Personal information
- Full name: Maria Vladimirovna Fominykh
- Born: 6 February 1987 (age 39) Krasnoyarsk, Russia

Chess career
- Country: Russia
- Title: Woman Grandmaster (2017)
- FIDE rating: 2186 (August 2022)
- Peak rating: 2335 (July 2005)

= Maria Fominykh =

Russian chess player (born 1987)

Maria Vladimirovna Fominykh (Мария Владимировна Фоминых; born 6 February 1987) is a Russian chess player who was awarded the title of FIDE Woman Grandmaster in 2017.

==Biography==
Maria Fominykh learned to play chess at the age of seven.

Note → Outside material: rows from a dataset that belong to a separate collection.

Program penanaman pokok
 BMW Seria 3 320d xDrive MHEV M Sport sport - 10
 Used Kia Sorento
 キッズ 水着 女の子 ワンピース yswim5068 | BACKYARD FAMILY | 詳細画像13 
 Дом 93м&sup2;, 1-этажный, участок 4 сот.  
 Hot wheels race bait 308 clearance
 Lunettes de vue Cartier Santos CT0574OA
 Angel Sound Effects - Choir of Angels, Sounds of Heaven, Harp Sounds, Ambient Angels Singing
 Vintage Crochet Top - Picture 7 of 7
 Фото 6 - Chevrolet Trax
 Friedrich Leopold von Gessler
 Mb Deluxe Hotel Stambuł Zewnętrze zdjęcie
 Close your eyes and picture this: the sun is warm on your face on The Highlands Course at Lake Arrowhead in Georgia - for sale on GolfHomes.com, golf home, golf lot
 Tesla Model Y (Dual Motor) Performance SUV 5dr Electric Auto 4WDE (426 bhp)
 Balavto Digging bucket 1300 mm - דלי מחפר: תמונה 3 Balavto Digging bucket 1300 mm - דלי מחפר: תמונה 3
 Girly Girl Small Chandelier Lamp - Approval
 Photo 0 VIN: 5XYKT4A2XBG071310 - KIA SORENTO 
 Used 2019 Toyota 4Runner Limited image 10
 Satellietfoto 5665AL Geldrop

She is a two-time winner of Russian Youth Chess Championships: in 2001, in the U14 girls age group and in 2003, in the U16 girls age group.

From 1997 to 2004, Fominykh represented Russia at the European Youth Chess Championships and World Youth Chess Championships in different age groups, where she won four medals: gold (in 2003, at the European Youth Chess Championship in the U16 girls age group), silver (in 2001, at the World Youth Chess Championship in the U14 girls age group) and two bronze (in 2002, at the World Youth Chess Championship in the U16 girls age group, and in 2004, at the European Youth Chess Championship in the U18 girls age group).

In 2006, Fominykh took third place in the Russian Women's Chess Cup. In 2010, she took third place in the [Moscow] Women's Chess Championship. Maria Fominykh received prizes of many international chess tournaments, including second place in Lviv and Moscow International Women's Chess Tournaments in 2010.

In 2009, she was awarded the FIDE Woman International Master (WIM) title and received the FIDE Woman Grandmaster (WGM) title eight years later.

Fominykh is a journalist by profession. She has directed several chess broadcasts on various Russian TV channels.

Husband - chess player Alexander Morozevich.